In the future, these courses could be coupled with pre-recorded introductions and training videos (to be hosted on the Turing online learning platform and The Turing Way YouTube channel).

They can also be delivered by trainers and domain experts, who then mix and match lessons from across the two courses and present them in an interactive workshop format.

Next Steps after this Training

After completing this course we recommend these next steps:

  • Go through the “Managing and supervising computational Projects” course (unless already completed)
  • Explore the set of resources provided at the end of each lesson for a deep dive into the topics with real-world examples
  • Establish connections with other courses and training materials offered by The Alan Turing Institute, The Crick Institute, The Carpentries, The Turing Way and other initiatives and organisations involved in the maintenance and development of this training material
  • Connect with other research communities and projects in open research, data science and AI to further enhance theoretical and technical skills
  • Collaborate with other scholarly experts such as librarians, research software engineers, community managers, statisticians and experts with specialised skills in your organisation who can provide specific support in your project.

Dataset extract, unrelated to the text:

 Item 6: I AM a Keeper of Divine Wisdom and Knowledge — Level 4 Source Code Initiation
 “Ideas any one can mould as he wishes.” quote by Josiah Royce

In this course, we are introducing data science, AI and related concepts. Another workshop materials developed under the Data Science for Biomedical Scientists project, Managing and Supervising Computational Projects, discusses best practices, tools, and strategies of project management in reproducible computational projects. Although both courses were developed to complement each other they can also be booked separately. Both courses discuss challenges, solutions and examples of machine learning and AI applications within biomedical research and related fields. The recommendations are transferable across many other disciplines within Life Sciences.

Funding and Collaboration

Data Science for Biomedical Scientists is funded by The Alan Turing Institute’s AI for Science and Government (ASG) Research Programme. It is an extension of The Crick-Turing Biomedical Data Science Awards that strongly indicated an urgent need to provide introductory resources for data science in bioscience researchers. This project extension will leverage strategic engagement between Turing’s data science community and Crick’s biosciences communities.

Pulling together existing training materials, infrastructure support and domain expertise from The Alan Turing Institute, The Turing Way, The Carpentries, Open Life Science and the Turing ‘omics interest group, we will design and deliver a resource that is accessible and comprehensible for the biomedical and wet-lab biology researchers.

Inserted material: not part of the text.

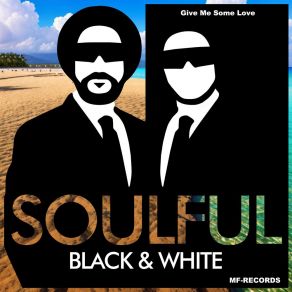 Download track Don't Think It Is Time Soulful Black & White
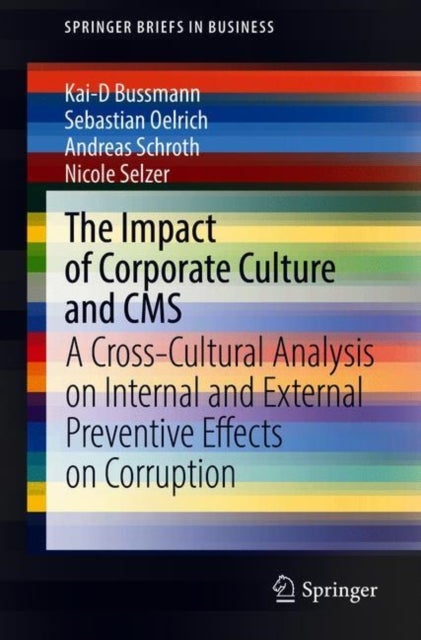 The Impact of Corporate Culture and CMS - A Cross-Cultural Analysis on Internal and External Preventive Effects on Corruption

This project will build on two main focus areas of the Turing Institute’s AI for Science and Government research programmes: good data science practice; and effective communication with stakeholders. In building this project, we will integrate the Tools, practices and systems (TPS) Research Programme’s core values: build trustworthy systems; embed transparent reporting practices; promote inclusive interoperable design; maintain ethical integrity and encourage respectful co-creation.



All materials are developed online openly under CC-BY 4.0 License using The Carpentries training format and The Carpentries Incubator lesson infrastructure.

Key Points

  • This workshop is developed for mid-career and senior researchers in biomedical and biosciences fields.

  • This workshop aims to build a shared understanding of data science and AI in the context of biomedicine and related fields.

  • Without going into underlying technical details, the contents provide a general overview and present selected case studies of biomedical relevance.